ToSware front-end: results shown to the user asking information. Default: only potentially unfair and unfair clauses are shown to the user

Fig. 12
figure 12

ToSware front-end: results shown to the user asking information. All clauses are shown to the user. Additionally, a tooltip can provide further explanations

6.2 ToSware evaluation

In this section, we first describe the results of the browser system performance when ToSware loads ToS content (a new dataset of Italian ToS) and analyzes it to classify clauses and then we describe the results of the evaluation study we performed to assess the user satisfaction about the tool and its functionalities.

Browser performance. For this experiment, we instrumented Selenium WebDriver to perform two tasks: (1) copy-pasting into ToSware of 111 terms coming from 10 new Italian ToSFootnote 10, (2) click on the ”Analyze” button. These terms were previously annotated by 5 domain experts in the legal field. Meanwhile, via the psutil Python libraryFootnote 11 we monitored system resources usage (CPU and memory). Firstly, results showed that the time required to analyze each clause and classify it was lower than 2 seconds (the processing of 80% of requests lasted 1.3 seconds). For more 70% of the time under experimentation the RAM usage, the client-side, was under 4Mb while server-side the average usage was about 10Mb. Since the whole computation is performed server-side, the CPU usage on the client is negligible, while server-side, we had, however, positive results with 60% of requests that used less than 10% of the CPU.

Effectiveness. With regard to the effectiveness of our approach on this new “previously unseen” dataset of contracts, we obtained performance F1-scores of 83% and 79% when classifying ToS clauses into categories and fairness levels, respectively. In this experiment, scores were slightly lower than those achieved in the Testing step; by analyzing in detail the sentences we found out that the majority of the errors have been made due to the different writing style between English and Italian ToS clauses (Italian clauses tend to be written in a more articulated way).

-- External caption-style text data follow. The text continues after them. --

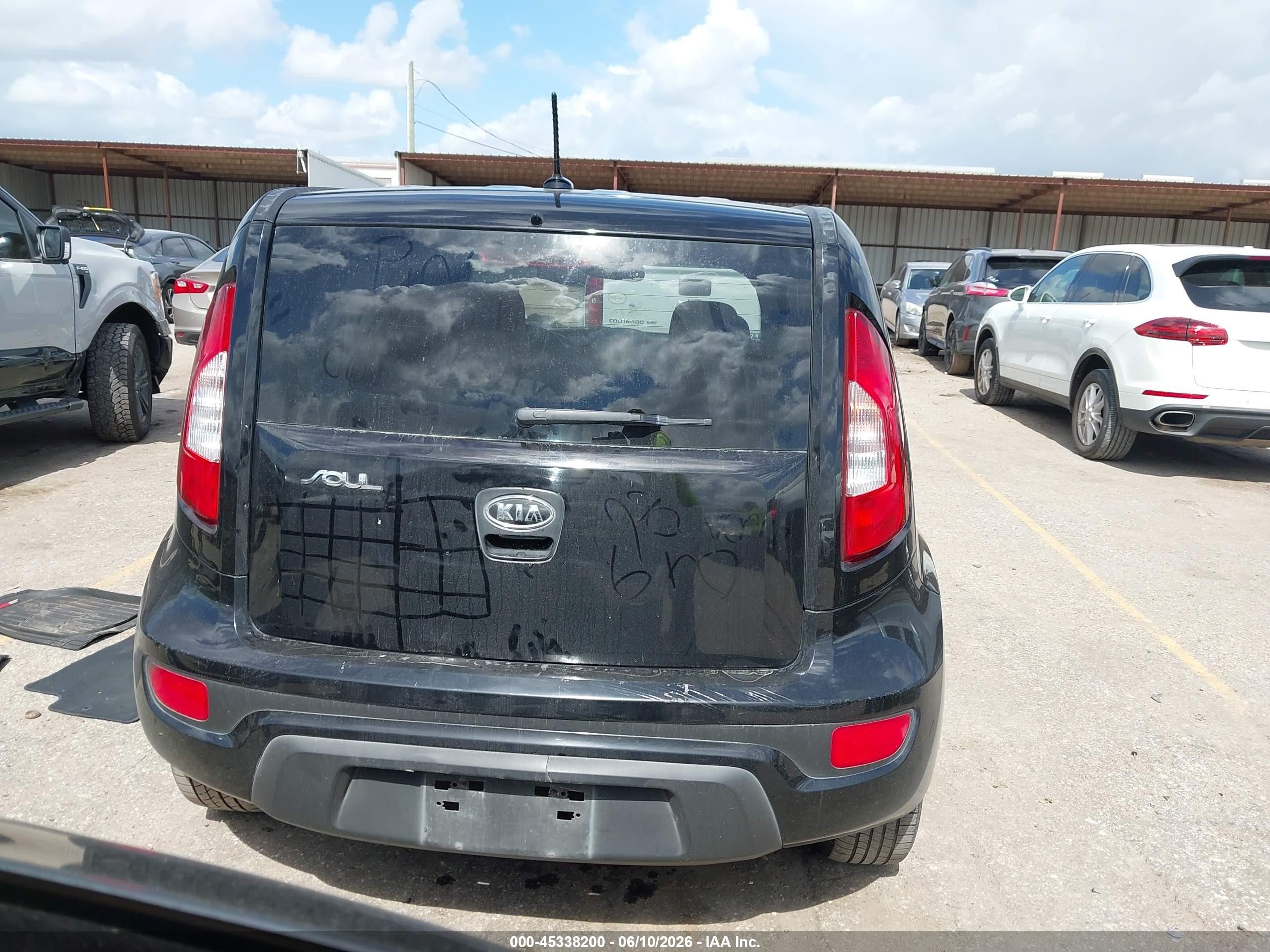 2012 Kia Soul + Black vin: KNDJT2A67C7404614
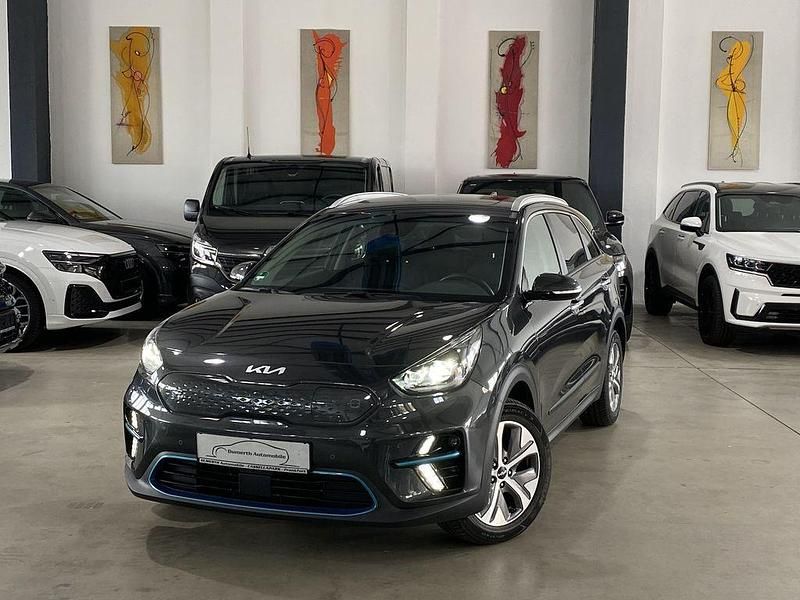 Black metall Gebraucht 2022 Kia e-Niro 3 SUV | 25.880 € (Fairer Preis) - Bild 1/4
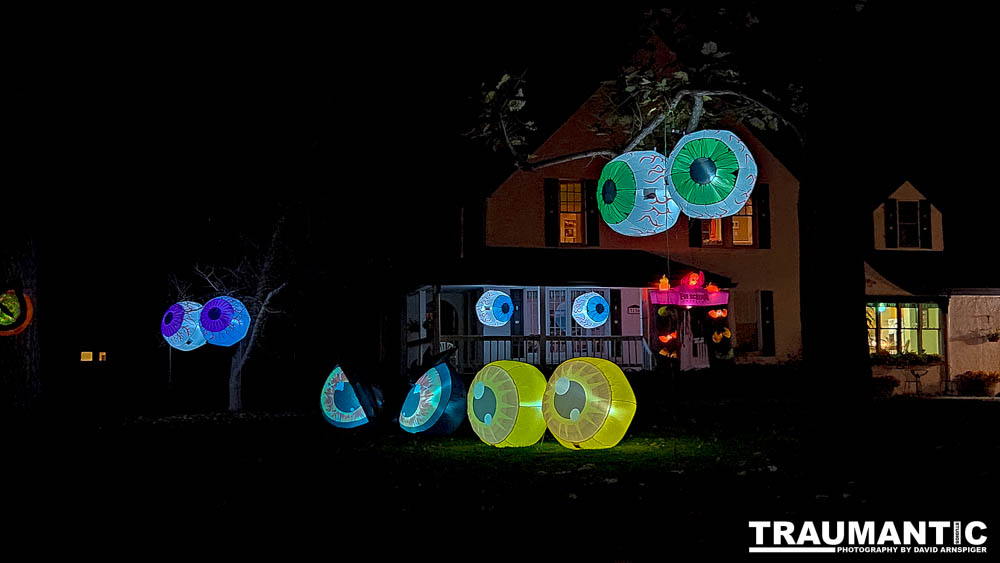 One of my neighbors has the coolest inflatable decorations.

User evaluation. For this preliminary evaluation study, we followed the standard Human-Computer Interaction (HCI) methodology [26], by envisioning three different phases, as defined and implemented in other contexts [16, 17, 28, 29]. We recruited 25 participants among computer scientist (44%) and individuals from the humanities field (56%). The sample was balanced in gender with a mean age of 33.

Prior research has shown that five users are the minimum number required for usability testing, since they are able to find approximately 80% of usability problems in an interface [46]. However, other research studies stated that five users are not sufficient and specifically, authors in [40] expressed that the appropriate number depends on the size of the project, with 7 users being optimal in small projects and 15 users being optimal in a medium-to-large project.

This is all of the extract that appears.